Exhibition “The Polish Action” in the Braunschweig City Library
The history of the so-called “Polish Action” can currently be seen as a traveling exhibition in the Braunschweig City Library until February 29, 2024. The frightening thing about the historiography is the references to the current situation in Germany. In a country where, almost 80 years after the Second World War, a movement is planning to repeat cruel processes under the code name of remigration. It’s about October 28, 1938, the day on which 25,000 Jews of Polish nationality were expelled from the German Reich. The world press informs, humanity remains silent.

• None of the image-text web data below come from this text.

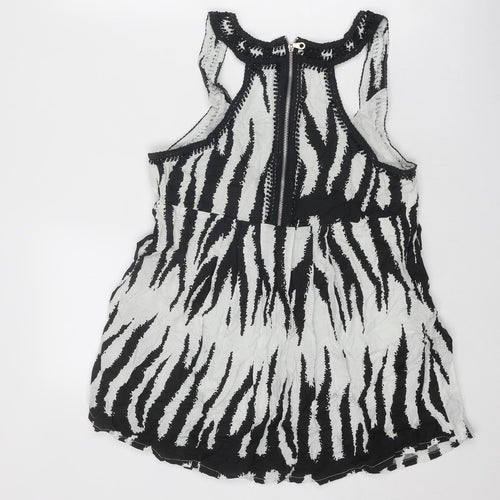 Miss Posh Womens Black Animal Print Cotton Basic Tank Size 10 Scoop Neck - Zebra Print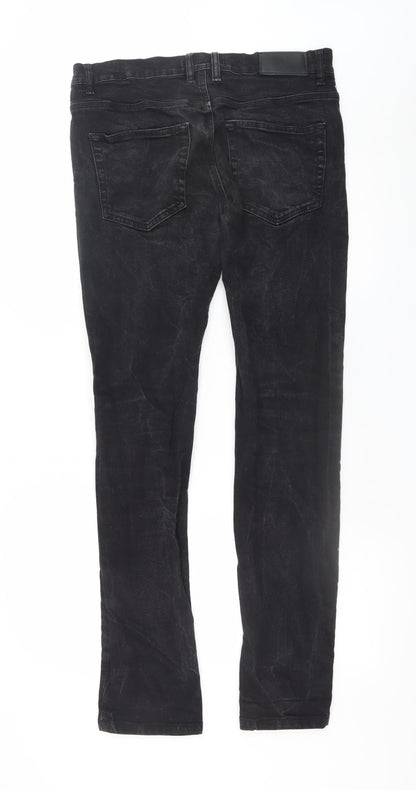 Mens UK Size L French Connection Slim Fit Straight Black Jeans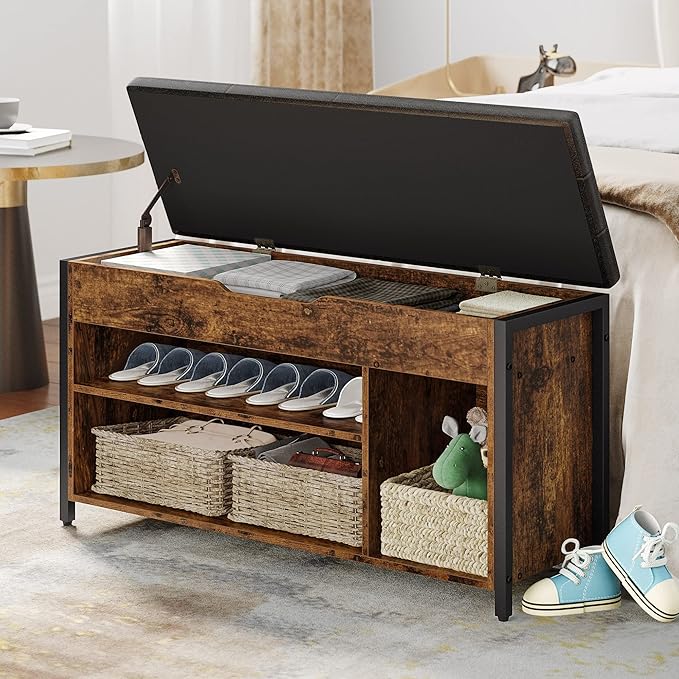 Shoe Bench, Lift Top Shoe Storage Bench, Adjustable Shelf Entryway Bench, Metal and Wood Shoe Rack Organizer with Cushion for Entry, Bedroom, Closet, Living Room, Hallway (Brown, 39.5)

Failed attempt despite meticulous preparation
Although the whole operation was once again well prepared by the Nazi regime, the calculation was made without the innkeeper. In this case without the Polish government. The country was in an economic crisis and was unable to accommodate so many people. The “March Law” was intended to remedy this. Accordingly, all Poles who have stayed abroad for more than five years should have their citizenship revoked. The law was passed on October 6, 1938, and October 30, 1938 was set as the deadline for the withdrawal. In response to the expulsion of Jewish Poles, the country in eastern Central Europe began expelling Imperial German citizens. The action was initially stopped by the Germans.
The world public
News has a limited lifespan. Bad news is overshadowed by more bad news. That’s how it is in this case too. For about ten days the world press was occupied with reports about this inhumane deportation operation. Then the November programs dominate the reports. The German population is silent. There is occasional support for those being persecuted. Great Britain is taking in around 150 children and the Jewish community is trying to support those affected with donations and supplies. In a second wave, which took place in 1939, more Poles of Jewish faith were deported. It is estimated that there were around 12,000 people. Those who could afford it fled to Great Britain, Belgium or the USA.
Life paths and fates
The lives and fates of individual families from Braunschweig, Dortmund and other cities are told on biographical panels. It is not uncommon for only one child who managed to escape abroad to survive the terrible events. Even refugees who made it to Belgium were not safe there. They were often taken to concentration camps by the Germans a few years later. Stays that were rarely considered.
Should this inhumane behavior really happen again?